Published on June 3, 2019        Author: 

In this short review essay, I would like to offer some thoughts on the future of international law in an increasingly authoritarian world. Even for a discipline which loves a crisis, these are perhaps challenging times. The liberal cosmopolitan project of global governance through international law and multilateral institutions has, at the very least, hit a bump in the road. There is a widespread sense that a change in direction is likely. It is a reasonable time to reflect on questions such as: is international law in trouble? How concerned should we be at attempts to revise the international system? And what might a more authoritarian version of international law look like?

In reflecting on the questions I’d like to offer my readings of three scholars I’ve recently found thought-provoking. These are personal reflections and interpretations, not an effort to capture every nuance of their work. Nonetheless, each has had an impact on my thinking.

  1. Shirley Scott, “The Decline of International Law as a Normative Ideal

In this piece, Scott contrasts her view of international law with what she considers the dangers in the turn to speaking about a “rules-based order”. Scott sees the project of international law as historically containing a commitment to several major principles.

First, the principle that law is politically neutral: a conception that law stands aside from politics, and creates a level playing field for state actors, to engage and to argue with each other. This principle includes the idea of formal sovereign equality.
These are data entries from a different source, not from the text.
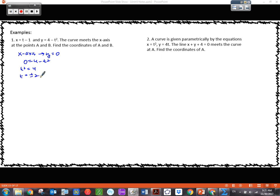Now, this is one of the most common mistakes — forgetting the plus or minus. So if you're afraid you might forget, let's not solve it that way; let's factor it instead. This factors as (2 minus t)(2 plus t) equals 0, which confirms two answers: t equals plus or minus 2. Factoring guards against losing half our answer by forgetting the plus or minus.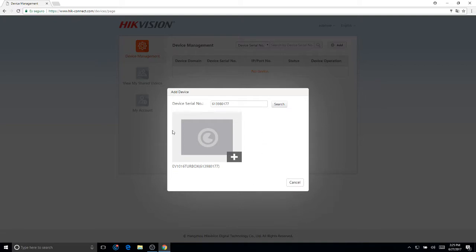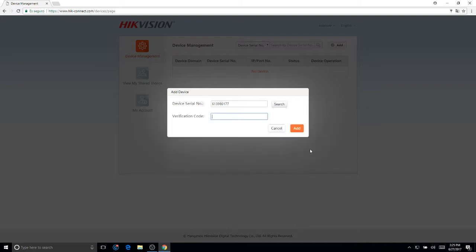The DVR or device will appear. Just click on the cross. And the verification code is within the DVR itself or underneath on the sticker itself.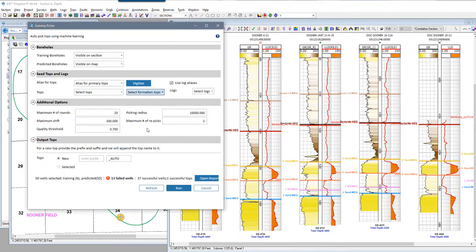That finished in under 20 seconds, and you'll see of my 50 selected wells, 37 wells were successful and 13 wells failed. I did predict just one formation top, and that was the bentonite. So let's go ahead and open the report and look at those recommendations for the failed wells.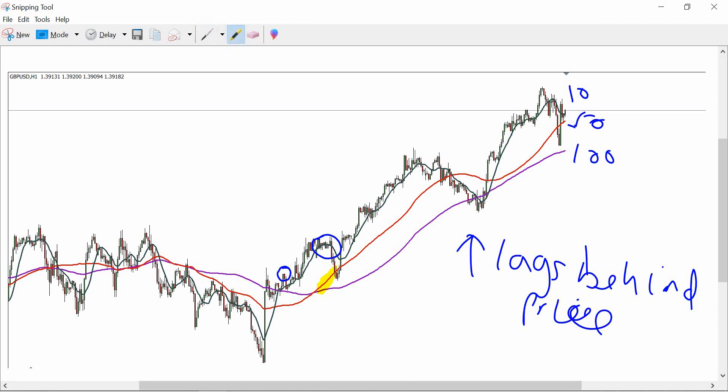The last one is the 100 MA. Even with that spike, it's still going flat — and then at this point it starts to turn itself up at this level here, which if you look at price action is around that level there. So you can see that the longer the period, the more it takes to react to current price levels.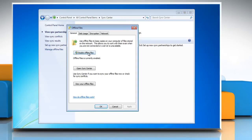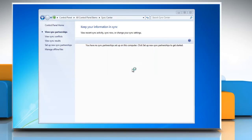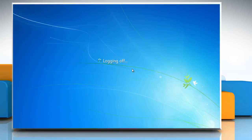Click disable offline files in the offline files window. Click OK in the offline files window. Click yes when asked if you want to restart the computer so that all offline file services and settings can be disabled.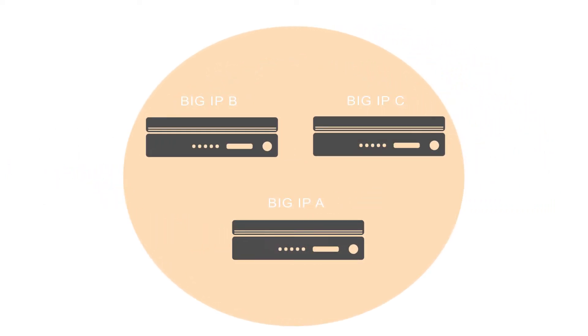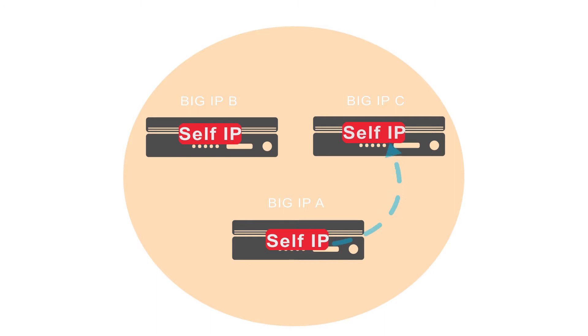For connection mirroring to work, each device needs to have a non-floating self-IP address that another device will use to mirror its connections. In a typical DSC configuration, you'd use the non-floating self-IP that is currently assigned to VLAN-HA.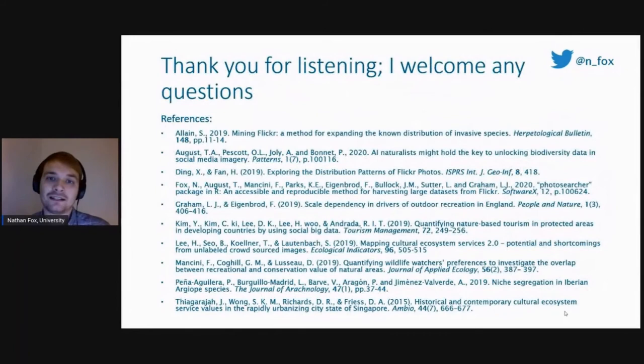I'd like to thank you for listening and I welcome any questions. If you have any ideas for collaborations, I'm also interested to hear from you. Thank you.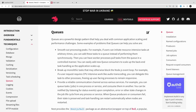Hi everyone, welcome back to my video. In this video we are going to talk about queues. When you hear 'queue,' it doesn't mean we are talking about asynchronous messaging using RabbitMQ, Kafka, and all those. This is a powerful design pattern that NestJS uses.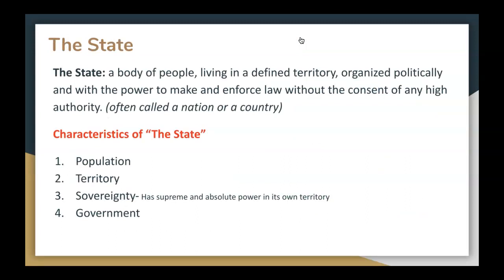So, what is the state? The state is a body of people living in a defined territory, organized politically, and with the power to make and enforce law without the consent of any higher authority — often called a nation or a country. The United States of America is an example of a state in government terms, because we have these four qualities: people, defined territory, sovereignty — which means supreme and absolute power in its own territory — and our own government, which exercises and enforces our policies and procedures for the well-being of our citizenry.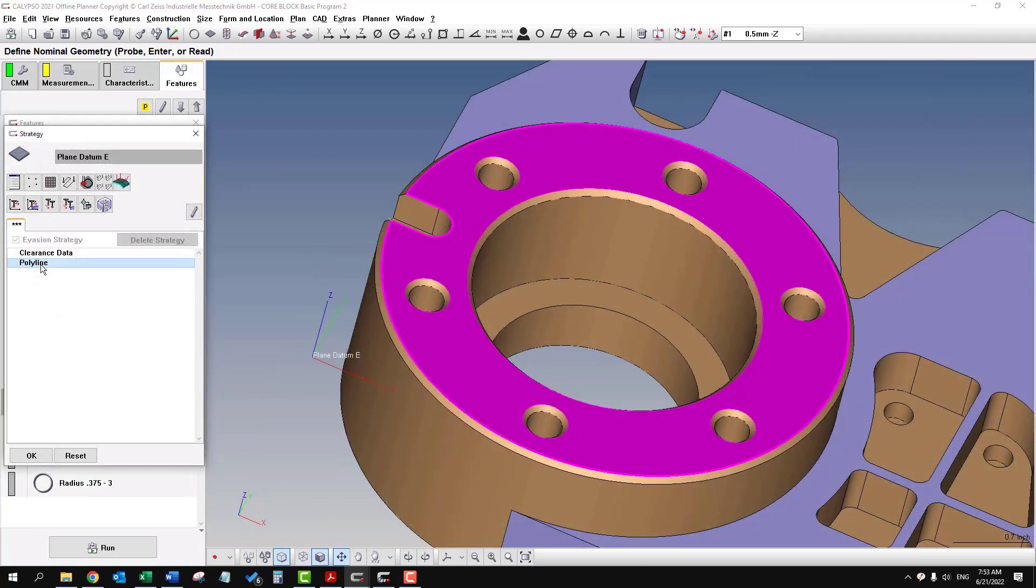I'm going to take away that bottom line, and instead I'll put in a circle path.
Second, a commitment to peace through law: the idea that law contains within it the potential for objective dispute settlement, and that this is a contribution to world peace.

Third, that international law requires compliance: that compliance with your obligations is compulsory, not optional. (Pacta sunt servanda.)

Fourth, critically, the idea that “it is possible to distinguish objectively between legal and illegal action”. This she calls the legal/illegal dichotomy.

Fifth, the principle that, international law in its own self-conception embodies the idea that law precedes policy. That is, that law is something that already exists, and it exists before policy choices are made. It is available, its content can be ascertained, and law should therefore guide policy choices.

Finally, she sees in international law a claim that it has comprehensive coverage: the idea that all problems can be dealt with through law.

Now, Scott regards general belief in these half a dozen propositions to have been useful to international order. And she holds that to be the case irrespective of whether these principles were ever wholly true. That is, if by and large states agree to conduct international relations as if these principles were true, the world is a safer and more stable place.  This obviously relates to her work on international law as an ideology. Such an ideology will favour the powerful and will reinforce the status quo. But it can be acceptable to others if the system it underpins delivers enough benefits to other states. And Scott’s claim is that historically, post-World War Two, the US-led international legal order has done that.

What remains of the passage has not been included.